人工知能は人間を超えるか (角川EPUB選書)『人工知能は人間を超えるか~ディープラーニングの先にあるもの~』を読んだ。しっかりと地に足が着いている印象。それでいて、平易で分かりやすい。人工知能の発展の歴史と今後の可能性を概観できた。

ポイントはディープラーニング。最近よく見かけるし、気になって少し調べて見たし、Rでサンプルを動かしてもみたくせに、それでもいまいち分からなくてモヤモヤしていたのが、この本を読んでようやく基本的なアイディアとその意義が理解できた(気がする)。

ディープラーニングの最大の意義は、特徴表現自体を学習できるようになったこと。おかげで、人間が与えないといけない情報が大幅に削減された上に、人間が手間暇掛けて特徴表現をチューニングするより遙かに高い性能の人工知能(画像分類プログラム)ができるようになった。

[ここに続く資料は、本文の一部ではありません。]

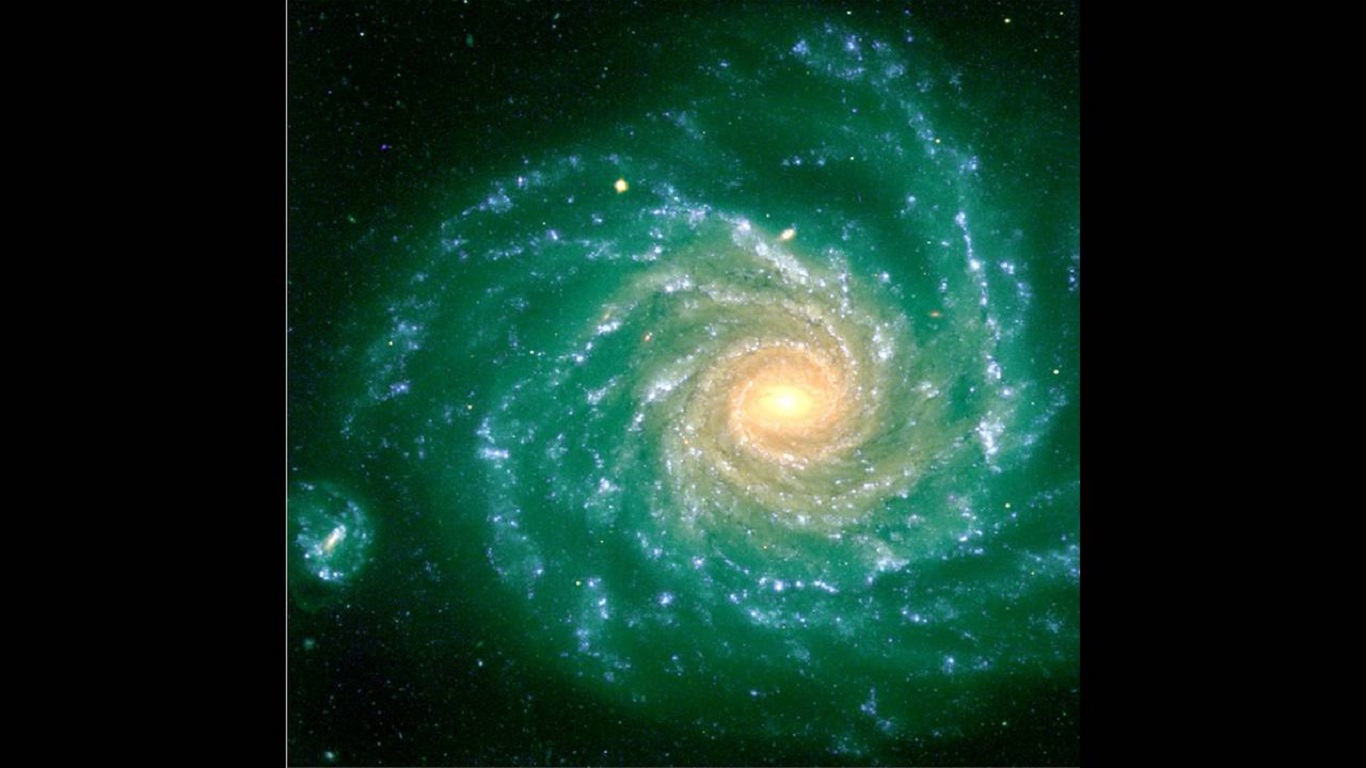 CERN: Ξεκινά νέο πείραμα για την αναζήτηση της σκοτεινής ύλης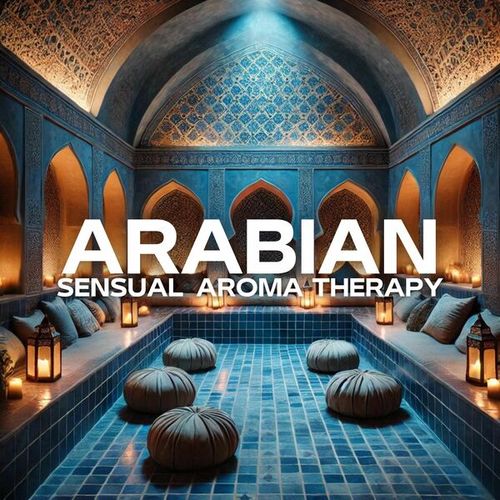 Arabian Sensual Aromatherapy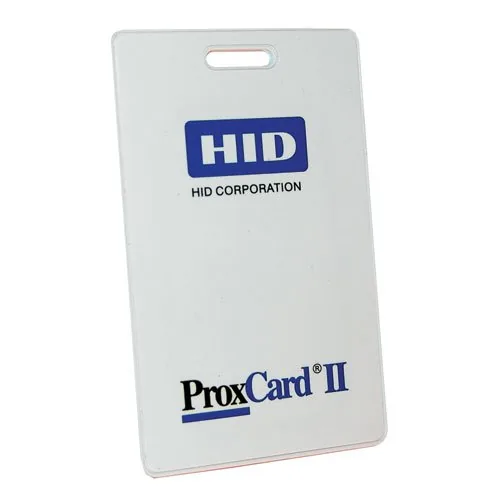 ProxCard II. Карта proximity стандартная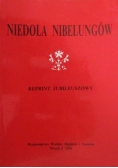 Niedola Nibelungów, reprint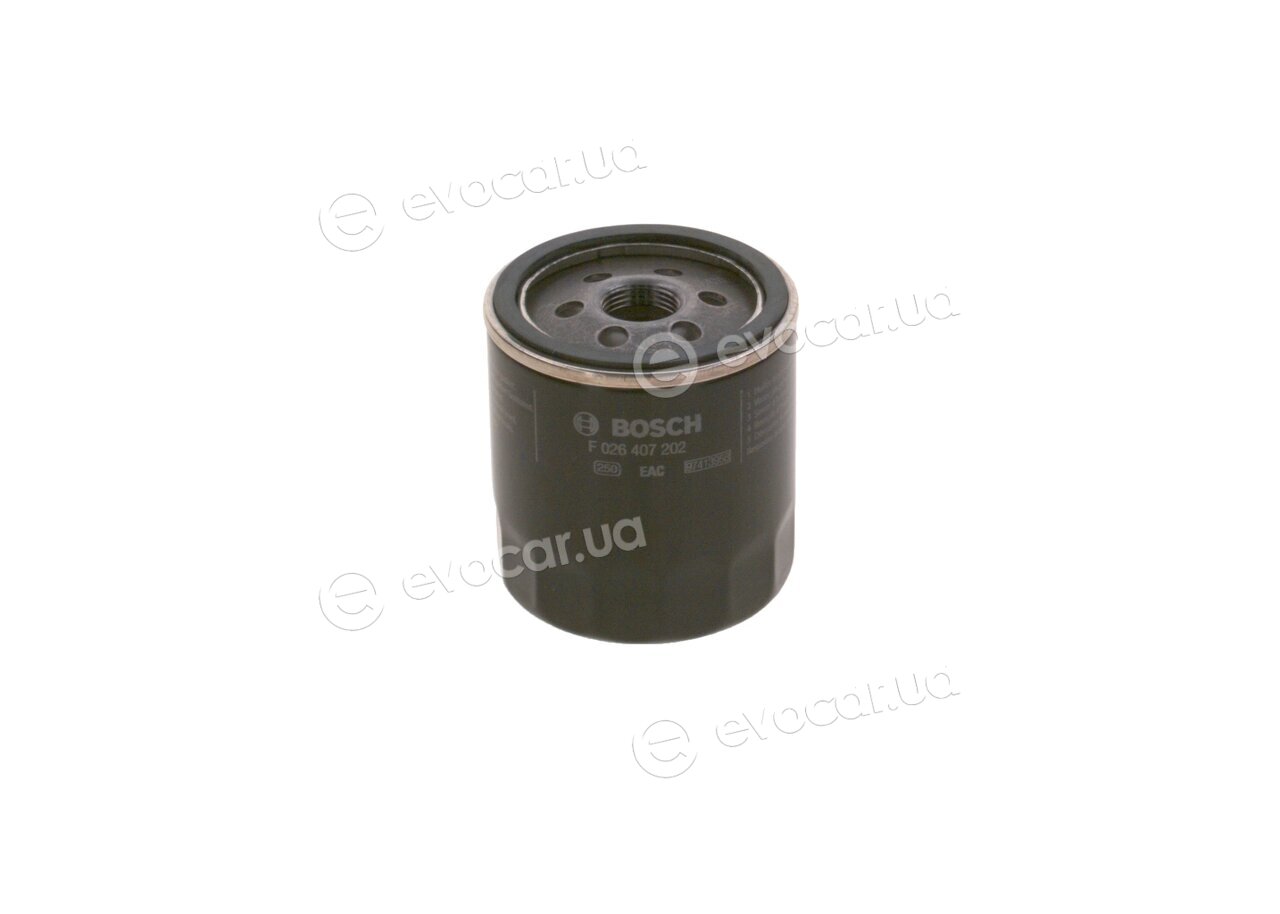 Bosch F 026 407 202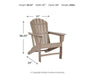 Sundown Treasure Outdoor Seating Set - Furniture Max (Falls Church,VA) *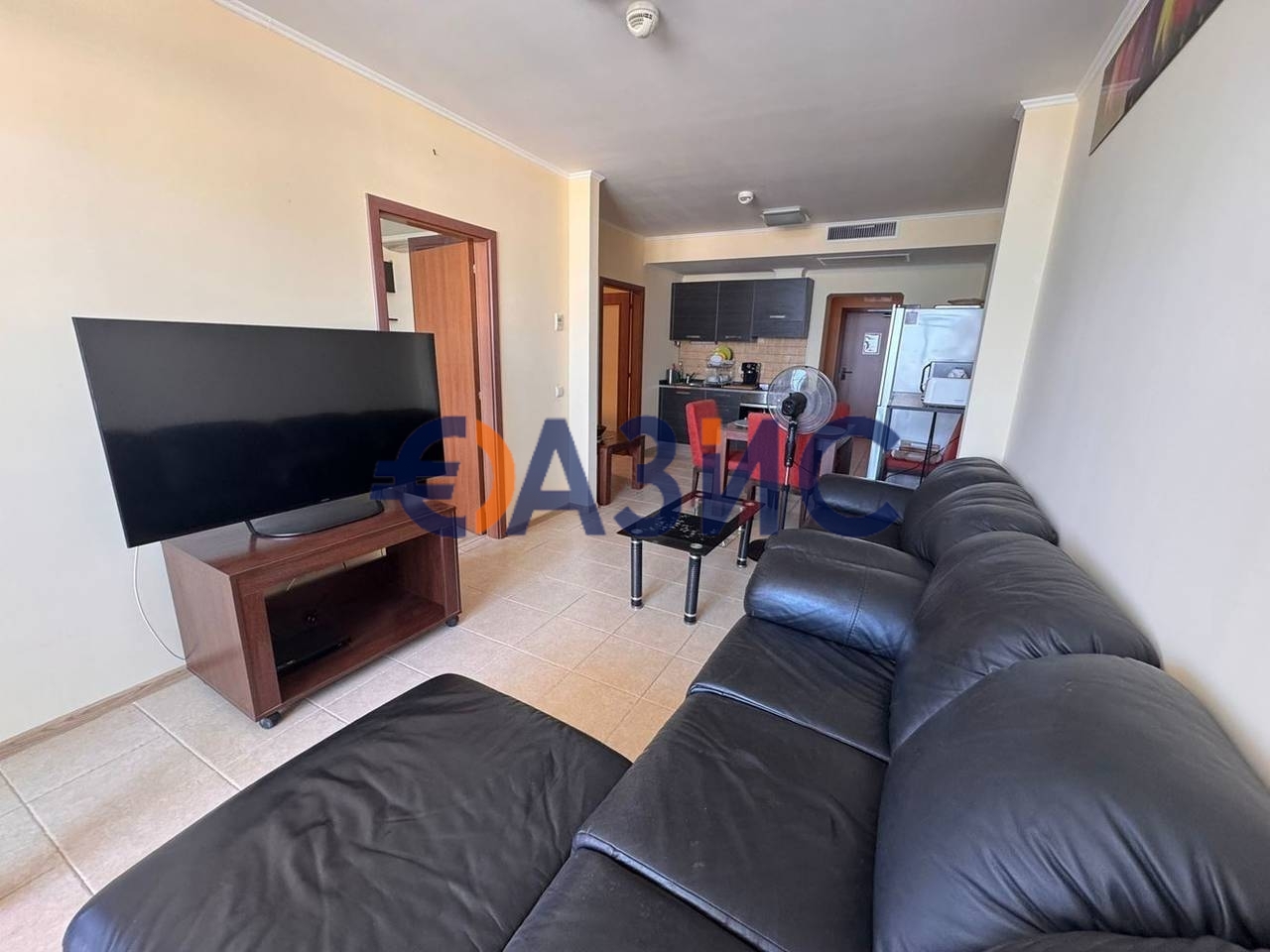 Appartamenti a Pomorie, Bulgaria, 88 m² - foto 6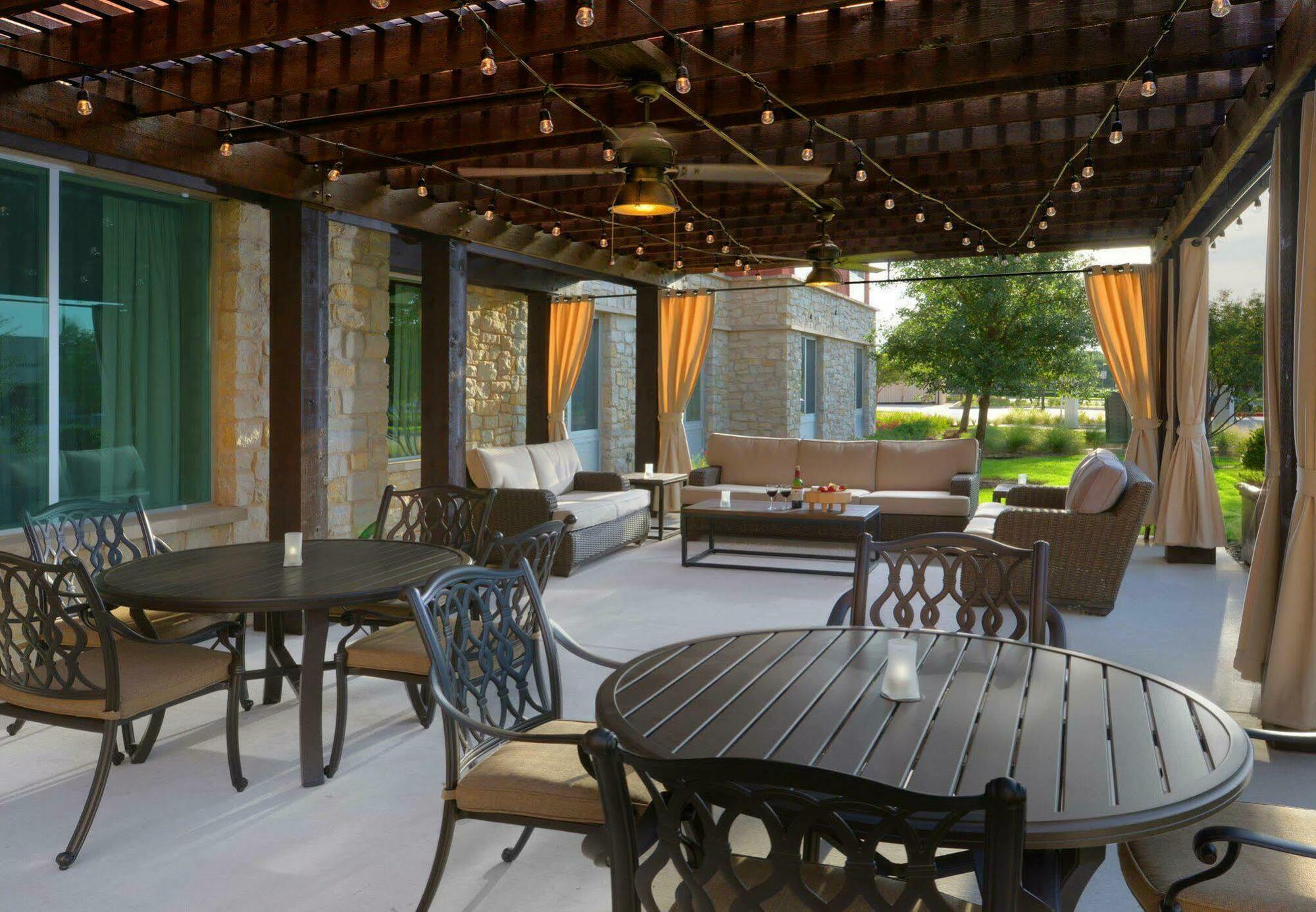 Fairfield Inn & Suites By Marriott Dallas Plano The Colony Exteriér fotografie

面白いのは、個々のアイディア自体は昔からあったこと。ざっくりいうと、ディープラーニングは非線形にした主成分分析を多段に組んだニューラルネットワークということらしい。頑健性(ロバストネス)を増すため、学習データにノイズを加えるアイディアもリサンプリング手法にあったはず(平滑化ブートストラップ?)。

先日読んだSF小説『ゼンデギ』でも人工知能を扱っているけれど、目指している方向が対称的。『ゼンデギ』ではあくまで人間を仮想化することをターゲットにしているから人間の認識の枠組み(≒特徴表現)を模しているのに対して、ディープラーニングでは人工知能自体が特徴表現を学習するので全くことなる認識をすることになる。それにまず受け取っている情報が違う。
そもそも、センサー(入力)のレベルで違っていたら、同じ「特徴量」になるはずがない。
ただ、これって異なる生物どうしや人間どうしでさえも起こっていること。『波の手紙が響くとき』に登場した全盲だけれど音の反射で周囲を認識していた人にも、実在のモデルがいる。

人工知能固有なのは、哲学・倫理の問題だと思う。これは『ゼンデギ』でも大きなテーマだった。できるからといってやっていいことにはならないけれど、新しいことができるようになったら試したくなるよなぁ。
心を持つ(あるいは一見すると心を持つように見える)人工知能をつくってよいかどうかというのは、大きな論点である。この点を考えておかないと、人工知能に恋愛感情を抱いてしまう、人工知能プログラムを停止させてよいかで争いが起きるなど、さまざまな問題を誘発する可能性がある。

今のところ、「AI効果」で問題になっていないようだけれど、そこまでは遠くない未来に。